OK so it’s not exactly an “it was a dream” ending, it’s an “I fantasized about killing Lettie and realized how horribly it could go wrong” ending, which—I can maybe live with? Harry thought better of it, and Deborah, at the last minute, thought better of marrying that other guy.
moon_custafer: sexy bookshop mnager Dorothy Malone (Acme Bookshop)
The nominations for Yuletide are up. I noticed one of the movies is The Strange Affair of Uncle Harry, which I saw mentioned (I forget where) a few months ago.
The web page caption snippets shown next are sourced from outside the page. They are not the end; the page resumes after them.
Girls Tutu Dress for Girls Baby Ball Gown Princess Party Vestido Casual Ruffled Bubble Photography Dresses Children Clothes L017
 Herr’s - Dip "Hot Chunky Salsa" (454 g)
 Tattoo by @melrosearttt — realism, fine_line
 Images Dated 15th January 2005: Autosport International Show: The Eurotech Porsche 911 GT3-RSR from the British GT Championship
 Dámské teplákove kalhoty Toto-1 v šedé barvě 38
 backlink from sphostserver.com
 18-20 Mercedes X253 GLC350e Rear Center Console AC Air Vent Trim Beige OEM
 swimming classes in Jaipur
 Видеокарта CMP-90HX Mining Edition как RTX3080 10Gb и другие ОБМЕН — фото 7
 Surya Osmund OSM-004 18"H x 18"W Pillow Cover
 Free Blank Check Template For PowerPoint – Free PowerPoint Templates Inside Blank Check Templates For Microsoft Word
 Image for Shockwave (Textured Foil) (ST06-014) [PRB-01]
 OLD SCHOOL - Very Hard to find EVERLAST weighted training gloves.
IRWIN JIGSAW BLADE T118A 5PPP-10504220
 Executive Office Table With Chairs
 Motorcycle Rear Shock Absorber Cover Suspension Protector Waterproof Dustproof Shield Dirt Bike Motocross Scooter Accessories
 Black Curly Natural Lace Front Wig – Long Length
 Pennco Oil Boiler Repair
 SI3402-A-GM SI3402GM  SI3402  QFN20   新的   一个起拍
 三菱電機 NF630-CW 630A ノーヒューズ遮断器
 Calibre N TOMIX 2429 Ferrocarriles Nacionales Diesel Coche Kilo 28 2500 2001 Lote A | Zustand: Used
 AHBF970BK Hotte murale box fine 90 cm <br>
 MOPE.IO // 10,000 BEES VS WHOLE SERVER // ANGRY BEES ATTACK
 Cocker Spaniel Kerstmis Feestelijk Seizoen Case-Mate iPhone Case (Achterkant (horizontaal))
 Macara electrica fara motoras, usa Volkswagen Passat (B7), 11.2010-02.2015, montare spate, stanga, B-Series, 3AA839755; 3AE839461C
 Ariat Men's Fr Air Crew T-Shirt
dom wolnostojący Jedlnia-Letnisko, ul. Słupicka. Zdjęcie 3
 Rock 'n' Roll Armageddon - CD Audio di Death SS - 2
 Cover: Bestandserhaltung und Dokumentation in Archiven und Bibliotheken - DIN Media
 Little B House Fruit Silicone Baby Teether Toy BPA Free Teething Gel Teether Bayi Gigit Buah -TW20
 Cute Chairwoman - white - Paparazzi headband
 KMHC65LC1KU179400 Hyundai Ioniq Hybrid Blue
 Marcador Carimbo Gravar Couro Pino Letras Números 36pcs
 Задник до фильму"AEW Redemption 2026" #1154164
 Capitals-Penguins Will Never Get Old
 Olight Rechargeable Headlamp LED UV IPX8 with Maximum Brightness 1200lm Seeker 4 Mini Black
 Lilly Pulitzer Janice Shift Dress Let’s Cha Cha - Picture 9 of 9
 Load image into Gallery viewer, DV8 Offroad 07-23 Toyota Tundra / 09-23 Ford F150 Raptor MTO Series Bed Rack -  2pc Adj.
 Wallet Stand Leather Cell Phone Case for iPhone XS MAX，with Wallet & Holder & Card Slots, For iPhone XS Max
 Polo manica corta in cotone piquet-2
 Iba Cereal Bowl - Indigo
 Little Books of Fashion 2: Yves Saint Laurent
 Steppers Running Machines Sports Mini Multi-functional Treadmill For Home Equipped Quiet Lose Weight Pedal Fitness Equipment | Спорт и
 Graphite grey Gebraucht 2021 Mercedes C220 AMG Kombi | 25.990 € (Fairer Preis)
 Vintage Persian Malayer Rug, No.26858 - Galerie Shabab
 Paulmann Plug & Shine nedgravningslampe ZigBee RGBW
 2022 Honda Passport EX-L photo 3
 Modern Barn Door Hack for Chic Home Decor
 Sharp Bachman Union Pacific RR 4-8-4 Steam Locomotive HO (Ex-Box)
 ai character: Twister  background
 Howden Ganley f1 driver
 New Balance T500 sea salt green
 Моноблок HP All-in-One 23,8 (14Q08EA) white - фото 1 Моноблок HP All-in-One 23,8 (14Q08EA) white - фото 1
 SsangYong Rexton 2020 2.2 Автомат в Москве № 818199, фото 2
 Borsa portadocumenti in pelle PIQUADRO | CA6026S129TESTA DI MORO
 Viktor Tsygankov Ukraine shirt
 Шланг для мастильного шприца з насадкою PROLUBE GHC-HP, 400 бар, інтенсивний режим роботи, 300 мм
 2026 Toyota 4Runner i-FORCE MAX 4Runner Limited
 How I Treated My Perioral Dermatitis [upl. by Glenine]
Seeing it as a possibility for Yuletide has prompted me to watch it.

Having already seen the synopsis on Wikipedia, I know the Breen Office made them tack an “it-was-all-a-dream” loophole ending onto the original play. I think I can live with that, as the characters are engaging enough I’m willing to see them spared via reset; and in the meantime I still get to see them go through some really well-acted hell.

The movie stars Ella Raines—I’ve previously seen her in The Phantom Lady and The Suspect. Here she’s Deborah Brown, a fashion consultant from NYC, brought in to advise at a textile mill in a small town in (I think) New England, who immediately hits it off with graphic designer Harry Melville Quincey (George Sanders). As Deborah, Raines wears a typical 1940s skirt suit and shoulder-length hairstyle and somehow still comes off as boyishly masculine in presentation, swaggering about with her hands in her pockets and eyeing the kind, diffident, dryly humorous Harry, who lives with his widowed older sister Hester and his never-married younger sister Lettie.The latter (Geraldine Fitzgerald*) is a Tennessee Williams character without the Southern accent, and her incestuous desire to hold onto Harry (and the family home, but mostly Harry) is as obvious as Deborah’s attraction to him.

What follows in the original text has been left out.